Ultra-Orthodox Parties Plan Bill to Block Private Conversions Ruling

Shas and United Torah Judaism will attempt to block the High Court's recent ruling that recognizes private Orthodox conversions in Israel.

A candidate for conversion sits before a special conversion court in Jerusalem.
Haaretz

The two ultra-Orthodox parties in the government, Shas and United Torah Judaism, are planning to sponsor legislation to block implementation of last week’s High Court ruling that recognized private Orthodox conversions in Israel. It would also block recognition of conversions performed under auspices of the Reform and Conservative movements.

The court ruling relates to conversions performed in Israel alone. Non-Orthodox conversions performed outside of Israel for the purposes of the Law of Return, which grants citizenship rights to Jews abroad, are not affected by the ruling.

In its ruling on Thursday, the High Court accorded recognition to conversions performed privately by Israeli ultra-Orthodox community rabbis outside of the auspices of the Chief Rabbinate. Nevertheless, the ultra-Orthodox parties view the ruling as a precedent that opens the door to other overly lenient religious courts.

Health Minister Yakov Litzman of the Hassidic Agudat Yisrael faction and MK Moshe Gafni of the Degel Hatorah faction.
Olivier Fitoussi

The reaction from the non-Hassidic so-called Lithuanian wing of ultra-Orthodox Jews, which might have been expected to hail the ruling that recognizes the private religious court headed by Bnei Brak Rabbi NIssim Karelitz, was not positive. The Degel Hatorah newspaper Yated Ne’eman, which represents the stream, published a story on the issue Friday with the headline accusing the high court of continuing to “undermine.” It ran next to an editorial entitled “A devious and strangling embrace.”

“[The High Court] intends to destroy conversion and condone ‘conversions’ by Tzohar and pave the way to Reform ‘conversion’ in a dangerous trick,” the paper stated. Tzohar is an organization of religious Zionist rabbis who seek to bridge the divide with the secular community and liberalize conversion practices. “It is not coming by force but rather purportedly authorizing the Badatzim (private religious courts) with a pleasant smile.”

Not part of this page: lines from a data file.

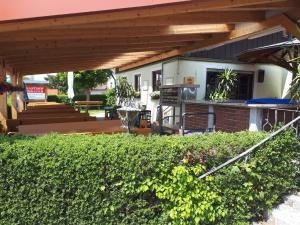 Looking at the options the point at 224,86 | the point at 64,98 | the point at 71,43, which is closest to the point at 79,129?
the point at 71,43

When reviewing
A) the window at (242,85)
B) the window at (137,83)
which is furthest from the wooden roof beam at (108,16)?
the window at (137,83)

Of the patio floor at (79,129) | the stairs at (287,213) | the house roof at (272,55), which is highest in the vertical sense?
the house roof at (272,55)

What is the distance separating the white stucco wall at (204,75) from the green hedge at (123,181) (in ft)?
19.9

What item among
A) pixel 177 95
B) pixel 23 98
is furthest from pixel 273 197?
pixel 23 98

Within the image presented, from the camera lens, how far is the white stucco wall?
966 centimetres

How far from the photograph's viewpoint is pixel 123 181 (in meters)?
3.41

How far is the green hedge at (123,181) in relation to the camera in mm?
3330

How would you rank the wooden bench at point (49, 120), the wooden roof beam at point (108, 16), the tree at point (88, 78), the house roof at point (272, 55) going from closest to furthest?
the wooden roof beam at point (108, 16) < the house roof at point (272, 55) < the wooden bench at point (49, 120) < the tree at point (88, 78)

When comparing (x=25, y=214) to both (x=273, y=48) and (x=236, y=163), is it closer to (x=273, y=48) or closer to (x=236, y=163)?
(x=236, y=163)

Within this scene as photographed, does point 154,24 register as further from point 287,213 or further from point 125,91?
point 125,91

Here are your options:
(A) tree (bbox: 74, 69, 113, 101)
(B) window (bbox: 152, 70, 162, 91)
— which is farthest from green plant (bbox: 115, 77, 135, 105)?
(A) tree (bbox: 74, 69, 113, 101)

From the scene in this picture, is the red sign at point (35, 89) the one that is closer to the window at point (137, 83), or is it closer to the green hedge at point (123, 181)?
the window at point (137, 83)

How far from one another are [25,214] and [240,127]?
14.4ft

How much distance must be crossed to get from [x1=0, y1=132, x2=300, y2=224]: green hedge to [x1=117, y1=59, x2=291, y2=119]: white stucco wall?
19.9ft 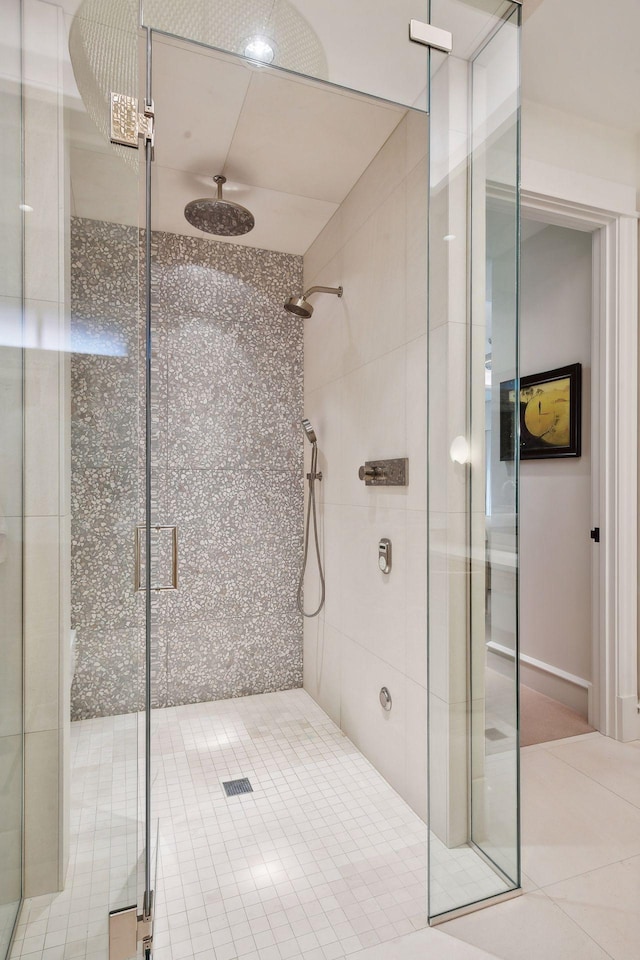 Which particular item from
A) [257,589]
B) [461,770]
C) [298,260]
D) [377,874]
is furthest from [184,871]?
[298,260]

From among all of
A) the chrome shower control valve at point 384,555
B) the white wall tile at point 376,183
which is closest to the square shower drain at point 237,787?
the chrome shower control valve at point 384,555

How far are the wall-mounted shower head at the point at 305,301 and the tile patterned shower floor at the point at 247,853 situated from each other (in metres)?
1.90

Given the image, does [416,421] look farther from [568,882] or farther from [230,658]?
[230,658]

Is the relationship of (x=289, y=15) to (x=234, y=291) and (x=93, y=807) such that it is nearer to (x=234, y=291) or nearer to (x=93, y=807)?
(x=234, y=291)

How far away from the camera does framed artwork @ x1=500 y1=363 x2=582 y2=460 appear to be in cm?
271

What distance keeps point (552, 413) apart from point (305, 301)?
55.5 inches

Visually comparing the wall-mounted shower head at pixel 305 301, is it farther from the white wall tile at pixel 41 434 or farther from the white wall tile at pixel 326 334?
the white wall tile at pixel 41 434

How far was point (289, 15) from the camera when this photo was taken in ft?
4.94

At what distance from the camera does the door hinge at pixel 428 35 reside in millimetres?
1416

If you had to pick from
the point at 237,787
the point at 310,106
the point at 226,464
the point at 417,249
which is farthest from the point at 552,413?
the point at 237,787

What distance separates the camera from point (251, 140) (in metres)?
2.03

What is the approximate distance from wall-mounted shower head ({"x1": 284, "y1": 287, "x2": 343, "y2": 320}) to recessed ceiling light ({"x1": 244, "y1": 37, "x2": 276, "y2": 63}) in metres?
0.94

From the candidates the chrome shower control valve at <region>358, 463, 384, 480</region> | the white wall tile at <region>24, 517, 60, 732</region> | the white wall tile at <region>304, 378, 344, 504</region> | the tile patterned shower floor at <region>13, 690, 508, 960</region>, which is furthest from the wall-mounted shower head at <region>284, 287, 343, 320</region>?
the tile patterned shower floor at <region>13, 690, 508, 960</region>

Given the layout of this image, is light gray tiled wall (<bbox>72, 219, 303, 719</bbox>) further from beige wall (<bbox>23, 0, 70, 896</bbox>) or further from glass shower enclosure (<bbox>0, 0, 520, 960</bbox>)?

Two United Torah Judaism members, MK Moshe Gafni of the Degel Hatorah faction and Health Minister Yakov Litzman of the Hassidic Agudat Yisrael faction, issued a joint statement in which they declared their intention to sponsor legislation on the issue. It would be similar to legislation that they are promoting to circumvent a recent High Court ruling that requires local Orthodox religious councils to allow their ritual baths to be used for Reform and Conservative conversions. Bezalel Smotrich of the Habayit Hayehudi party said he would support legislation bypassing the court's ruling.